Thanks for the [Above] picture in your article [on the SCLC archive]. My daughters, who attend Oxford and Emory, will cherish the photograph of their grandfather on the right of the picture, the Reverend Leon White.

—Michael Alford 14P 17P,Rincon, Georgia

Your article about Cuba was extremely interesting. The concept of a “softer racism” (less institutionalized) in Cuba is true, but its history is of much longer duration and evolution and predates the revolution. As referenced indirectly in the article, Antonio Maceo, el titan de bronce (the bronze titan) and his mother, Mariana Grajales, were of color and are revered by all Cubans regardless of political belief; it is also true that Fulgencio Batista, the despised and murderous dictator overthrown by Fidel and the Revolution, was also of color. To say the Cuba of today is color-blind is false—just look at the people at the highest ranks of the communist party—it is much “lighter” than the population at large.
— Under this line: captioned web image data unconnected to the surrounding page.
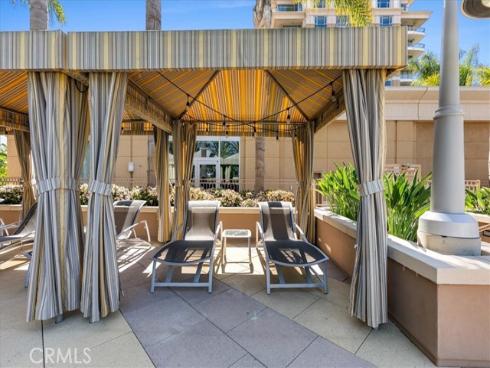 5150 Scholarship , Irvine, CA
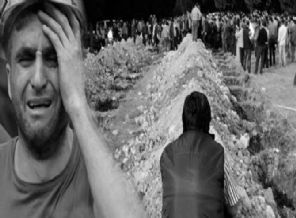 Soma'da 583 hak sahibine ölüm aylığı bağlandı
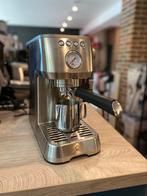 Solis Barista Perfetta Plus 1170 koffiezetapparaat, Elektronische apparatuur, Koffiezetapparaten, Espresso apparaat, Nieuw, Gemalen koffie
To say Cuba of yesterday was totally color-fated is also false. I agree with the sentiment that it is likely better to be poor in Cuba than in Atlanta, but the tragedy is that there is little chance to be anything else but poor in Cuba. Why else would remittances from relatives in the US be such a major source of income on the sixtieth anniversary of the start of the Cuban Revolution? That is not the “fault” of the Americans and “imperialism.” Sometimes it is necessary to look in the mirror and blame ourselves.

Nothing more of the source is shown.